1. By this writ petition under Article 226 of the Constitution, the petitioner-Mohd. Afzal prays for issuance of a writ of habeas corpus, challenging the propriety and validity of the order of detention dated 20 June 2003, passed by the Commissioner of Police, Delhi (hereinafter referred to as 'the detaining authority') under Sub-Section 2 of Section 3 of the National Security Act, 1980 (for short 'the NSA') on being satisfied that the petitioner's detention was necessary with a view to preventing him from acting in any manner prejudicial to the maintenance of public order.
2. The order of detention along with the grounds of detention was served on the petitioner on 20 June 2003. Against the said order, the petitioner made a representation to the Advisory Board constituted under Section 9 of the NSA. The case of the petitioner, along with his representation was placed before the Advisory Board, who opined that there was sufficient cause for the detention of the petitioner. Accordingly, in exercise of powers conferred by Section 12(1) of the NSA, the Lieutenant Governor of National Capital Territory of Delhi confirmed the aforesaid order of detention and directed that the petitioner be detained for a period of 12 months from the date of his detention, i.e., 20 June 2003.
3. According to the grounds of detention, which are in the narrative form, the petitioner is an active, desperate, dangerous criminal and a bad character of Bundle/A of the area of Police Station Seelampur, Delhi.

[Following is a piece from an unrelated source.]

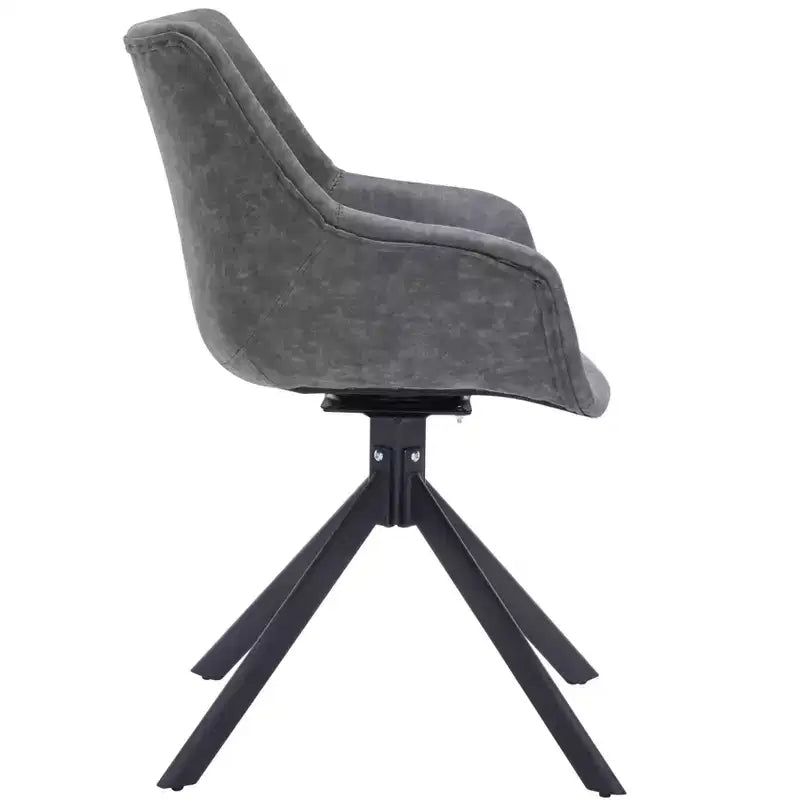 LeisureMod Markley Sedia da pranzo in pelle con braccioli girevoli a 360 gradi e gambe in ferro verniciato a polvere, set da 4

He started his criminal activities in the year 1990 at the age of about 19 years and was involved in 18 criminal cases, enlisted in the grounds, such as voluntarily causing hurt, criminal intimidation, riots, house-trespass, obstructing public servants from discharging their official duties, criminal conspiracy, criminal confinement, kidnapping, attempt to murder and murder. He was also involved in the offences punishable under the Arms Act and Prevention of Damage to Public Property Act. Out of the said 18 criminal cases registered against him, the petitioner has been acquitted/discharged in most of the cases. In five cases, he is facing trial and three cases are stated to be under investigation. It is alleged that the prosecution witnesses against him are extremely afraid to depose against him in the Court, which is evident from his acquittal in the cases, where even the injured, the complainants and near relatives did not support the prosecution case and had turned hostile due to intimidation and terrorising tactics by the petitioner. He is stated to be so dangerous and desperate criminal that he has not spared even his father and police officials.

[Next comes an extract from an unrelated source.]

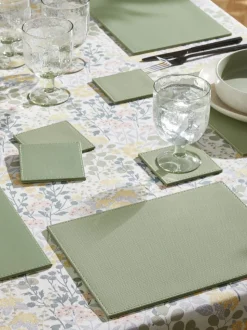 Set van 4 rechthoekige omkeerbare imitatieleren placemats en onderzetters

4. Reference to the said 18 cases has been made in the grounds of detention with a view to show his past criminal record. However, two cases registered against him under FIR Nos.246 dated 19 July 2002 at P.S. Welcome, Delhi and 177 dated 15 June 2003 at P.S. Seelampur, Delhi respectively under Sections 186/353/307/34 IPC and 506 IPC, which are stated to be under investigation, have specifically been relied upon in the grounds of detention.

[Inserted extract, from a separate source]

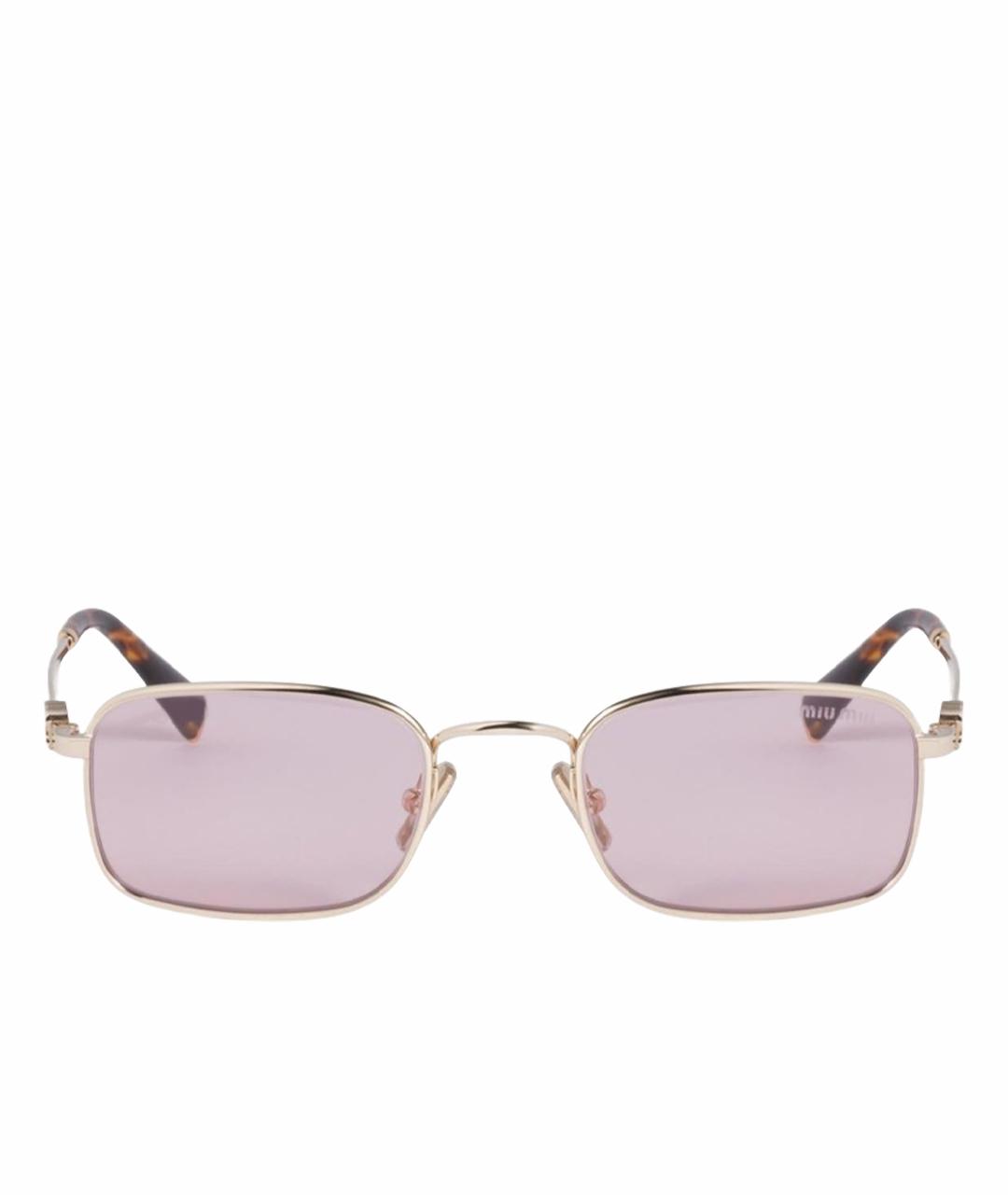 MIU MIU Розовые металлические солнцезащитные очки, фото 1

5. On the basis of the material placed before him, briefly referred to above, the detaining authority came to the conclusion that the said criminal activities clearly show that the petitioner is a desperate and dangerous criminal, whose activities are prejudicial to the maintenance of public order; his acts of violence against the public and property show his complete contempt for the law of the land; since he is usually found in possession of firearms; the prosecution witnesses are extremely terrified to depose against him in Court; his criminal activities have disturbed the normalcy of the society and he is such a dangerous and desperate criminal that he does not even spare the police officials from attacking them. Thus, keeping in view his criminal record, the detaining authority felt satisfied that there was every apprehension/imminent possibility that just after his release from jail he will again indulge in such type of criminal activities which will adversely affect the maintenance of the public order and, therefore, to prevent him from further committing similar criminal activities, prejudicial to the maintenance of public order, it had become necessary to detain him with immediate effect under Section 3(2) of the NSA. Hence the impugned order of detention.
6. We have heard Mr.Bahar U.Barqi, learned counsel for the petitioner and Ms.Mukta Gupta, learned counsel for the respondents.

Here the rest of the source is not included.